Sí, piso la nieve de esta aldea alemana con siglos de historia. Está
como si nada hubiera ocurrido en el mundo. Su bosque blanco de nieve,
sus techos resplandecientes de blancos puros. Y las luces de sus
ventanas. Todo en orden por esas calles por las que cada veinticinco
años desfilaba una generación de jóvenes uniformados a marchar “al
frente”, contra el “enemigo”. Resuelvo no pensar más en la historia,
sino sumergirme en la poesía y luego matizarla con música, sí, Schubert y
Schumann. Luego, con un buen vino del Rin, ensayar algunas danzas con
mi mujer. Todo un poco clásico. Justo me tocan el timbre, el correo: un
libro sobre las villas miseria argentinas de un escritor amigo. Y ahora
me golpean la puerta: dos damas bien vestidas que hacen una colecta para
agrandar el hogar de vagabundos de la zona cuyo número ha aumentado con
la crisis. “Vamos a tener un invierno muy crudo”, me dice una de las
damas con acento maternal y mirada severa, “esa gente ya no puede dormir
en la calle”. Las invito a pasar porque entra mucho frío por la puerta
abierta, pero no aceptan porque me dicen que les queda mucha tarea
todavía. La única respuesta sólo puede ser la mano que va al bolsillo.
Anotación y firma. Todo correcto.
Me siento. No me queda otra cosa que cavilar. Empleo esa palabra
porque me parece sabia. Cavilar, pensar, meditar, soñar... pienso, pero
casi grito: ¡actuar! Y me asomo por la ventana para seguir la marcha de
esas dos mujeres que pese al frío salen a la calle a pedir por
vagabundos de los cuales no conocen ni el nombre.
El cartero, junto al libro, me ha entregado una revista argentina
que recuerda el 2001 aquel.
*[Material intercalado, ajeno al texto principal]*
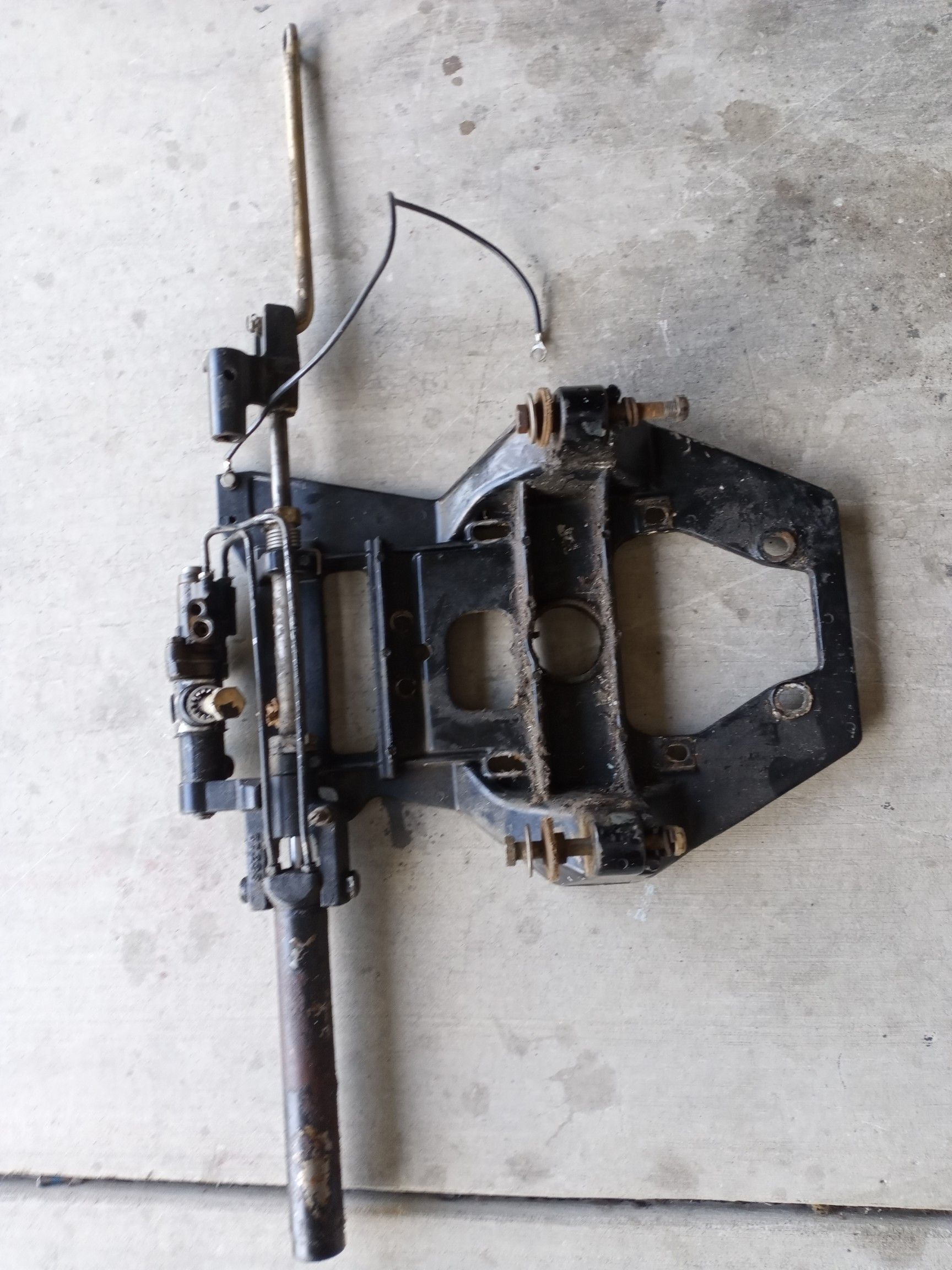 1980s Gimbal inner housing transom plate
No puedo dejar de recordar las asambleas
barriales. ¡Qué momento inolvidable! Los soñadores vinos todo un futuro:
esas viejitas hablando por primera vez en esa masa que se juntaba por
necesidad de soluciones. Esos jubilados que ya no hablaban de sus
jubilaciones sino de chicos con hambre y que no había que conformarse
solamente con hablar, esos jóvenes que pensaban armar colectivos para
construir casas... qué imágenes. La repentización de las masas. Sonrío.
Sí, hay algo también en el ser humano, hay algo que nos puede llevar a
lo racional, lo moral, el hallazgo definitivo de la no violencia en la
sociedad. A la ética de la mano abierta y no la de los “countries”.
Me miro con mi mujer, nos hacemos un guiño, ella vuelve a poner
música de Schubert y yo levanto las manos para iniciar una danza de esas
clásicas, con reverencias, pero también ensayando abrazos.